Another feature of the proposed TPDS is the priority scheduling of tasks as shown in Figure 9. It is noted that, with help of this scheduling strategy, the jobs achieve nearly the best data locality, which is helpful to improve the performance of distributed systems. The proposed TPDS takes advantage of cached-data locality to accelerate the computation of the task and minimize the CPU usage and data transfer load in terms of swapping out and swapping in data from the cache memory. It significantly improves the performance of the computing nodes and the execution of tasks. It is shown that the proposed TPDS also always outperforms the conventional schemes in terms of data locality.

In Figure 10, the average execution time of the proposed TPDS is compared with the conventional schemes. We use six different types of workloads as different numbers of data blocks (200 to 2200). Compared to the conventional schemes, the proposed TPDS reduces the average execution time by 8.5% to 10.2% for six different workloads, respectively. This demonstrates that the proposed TPDS performs data locality more efficiently than the existing schemes due to the availability of data blocks in the cache memory.

6. Conclusion

As the number of IoT devices and the scale of cloud computing grow in popularity, many edge computing and distributed systems have emerged in recent years. In general edge computing architecture, computing power, bandwidth, and data at the edge are scarce resources. To improve system performance, a task scheduling strategy must be efficient. In this paper, we proposed a cache data locality scheduler for edge-computing cluster environments. The proposed strategy schedules tasks by taking a broad view and adjusts data for tasks dynamically according to data in cache memory. Especially in an edge computing cluster environment, where the number of resources is limited, our proposed approach tries its best to enhance task execution under limited resources and reduce the extra flow of data in the cluster network.

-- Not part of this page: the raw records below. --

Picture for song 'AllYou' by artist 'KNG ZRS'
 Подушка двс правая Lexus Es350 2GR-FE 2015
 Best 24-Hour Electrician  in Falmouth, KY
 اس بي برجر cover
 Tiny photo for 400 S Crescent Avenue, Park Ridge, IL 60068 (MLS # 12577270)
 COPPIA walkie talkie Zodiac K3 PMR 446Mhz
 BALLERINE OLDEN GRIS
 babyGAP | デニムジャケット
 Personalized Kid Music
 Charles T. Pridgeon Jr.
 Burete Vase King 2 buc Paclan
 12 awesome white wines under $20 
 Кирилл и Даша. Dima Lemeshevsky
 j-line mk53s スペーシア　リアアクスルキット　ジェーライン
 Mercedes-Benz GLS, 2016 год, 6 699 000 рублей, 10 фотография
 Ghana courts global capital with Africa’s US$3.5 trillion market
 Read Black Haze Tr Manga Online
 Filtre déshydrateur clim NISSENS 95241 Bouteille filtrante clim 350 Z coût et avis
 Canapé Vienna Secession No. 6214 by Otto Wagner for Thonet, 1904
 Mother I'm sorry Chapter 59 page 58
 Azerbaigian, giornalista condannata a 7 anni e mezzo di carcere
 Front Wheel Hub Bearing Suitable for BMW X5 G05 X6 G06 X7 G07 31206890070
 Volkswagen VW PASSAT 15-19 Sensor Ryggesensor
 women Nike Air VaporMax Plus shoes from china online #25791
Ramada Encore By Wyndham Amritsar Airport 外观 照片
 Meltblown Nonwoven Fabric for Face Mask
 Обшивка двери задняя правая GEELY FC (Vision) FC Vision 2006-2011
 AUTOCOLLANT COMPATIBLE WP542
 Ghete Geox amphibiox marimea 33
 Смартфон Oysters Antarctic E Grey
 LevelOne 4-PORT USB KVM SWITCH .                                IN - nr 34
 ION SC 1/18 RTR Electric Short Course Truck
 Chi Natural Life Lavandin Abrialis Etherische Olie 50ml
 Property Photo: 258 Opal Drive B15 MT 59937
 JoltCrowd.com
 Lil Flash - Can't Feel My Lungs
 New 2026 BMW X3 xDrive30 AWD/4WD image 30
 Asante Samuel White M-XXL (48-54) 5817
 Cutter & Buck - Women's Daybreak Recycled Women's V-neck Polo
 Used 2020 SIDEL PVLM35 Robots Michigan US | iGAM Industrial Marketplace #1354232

When the computing cluster is overloaded, the proposed strategy takes the advantage of data in the cache and brings the task first which finds the needed data in the cache of the node. The simulation results show that the proposed strategy exhibits some improvements which can also work in a busy network and cluster. As future work, we plan to improve the proposed task scheduling strategy based on available resources. We will consider the aspects that may affect the performance including data distributions and replication in a heterogeneous system. Edge computing and distributed technologies are growing up due to massive data volume generated by a large number of IoT devices. Accordingly, it is essential to keep update and development on scheduling strategies and efficient algorithms for tasks to manage resources in edge computing environments.

Data Availability

The data used to support the findings of this study are included within this article.

Conflicts of Interest

The authors declare no conflicts of interest.

Acknowledgments

This work was supported in part by the MSIT (Ministry of Science and ICT), Korea, under the ITRC (Information Technology Research Center) support program (IITP-2021-2018-0-01426) supervised by the IITP (Institute for Information and Communication Technology Planning & Evaluation) and in part by the National Research Foundation (NRF) funded by the Korea Government (MSIT) (no. 2019R1F1A1059125).